Sunday, October 12, 2014

 

Kansas Supreme Court temporarily blocks gay marriages

The legal battle over gay rights in Kansas reached the state's highest court and the federal courts on Friday hours after two women were married outside a county courthouse.

The Kansas Supreme Court on Friday blocked temporarily the issuance of marriage licenses to same-sex couples in Kansas, but said couples could file applications, and the ACLU of Kansas filed a lawsuit challenging the state's ban on gay marriage.

"I shouldn't have to leave my state to get a basic civil right," one of the plaintiffs in the ACLU lawsuit, Kerry Wilks, had told Reuters on Tuesday. "This is part of a larger issue - it's about basic equality for gays and lesbians."

The Kansas Supreme Court set oral arguments for Nov. 6 and asked attorneys in part to address whether a judge in Johnson County, the state's most populous, was correct in ordering clerks to issue marriage licenses to same-sex couples.
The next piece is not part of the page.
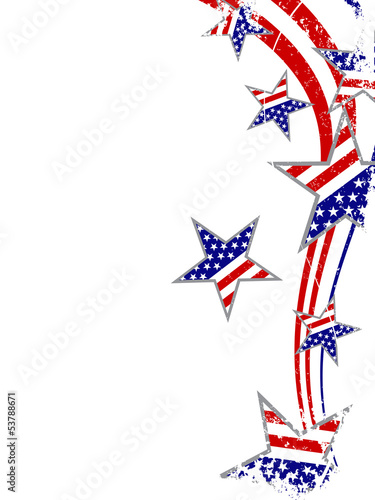 4th july independence day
The judge issued his order Wednesday based on a U.S. Supreme Court decision not to review a U.S. appeals court ruling that struck down bans on gay marriage in other states.

The Kansas attorney general had asked the state Supreme Court to nullify the Johnson County judge's order and to order that no other licenses be issued.

Amid the debate, two women wed Friday in front of the Johnson County courthouse, District Court Clerk Sandy McCurdy said. McCurdy did not release their names.

They were the only same-sex couple who had sought a marriage license on Tuesday, McCurdy said. They received their license on Friday following the three-day waiting period required under Kansas law, and were married quickly.

Fifty-two same-sex couples had sought marriage licenses as of Friday afternoon in Johnson County, McCurdy said.


Kansas bans same-sex marriage by state law and its state constitution, a position expected to be overturned following a U.S. Supreme Court decision on Monday.

The U.S. Supreme Court decided not to review U.S. appeals court decision striking down bans in Oklahoma and Utah, which are in the same U.S. appeals court circuit as Kansas, meaning the state is bound by that court's rulings.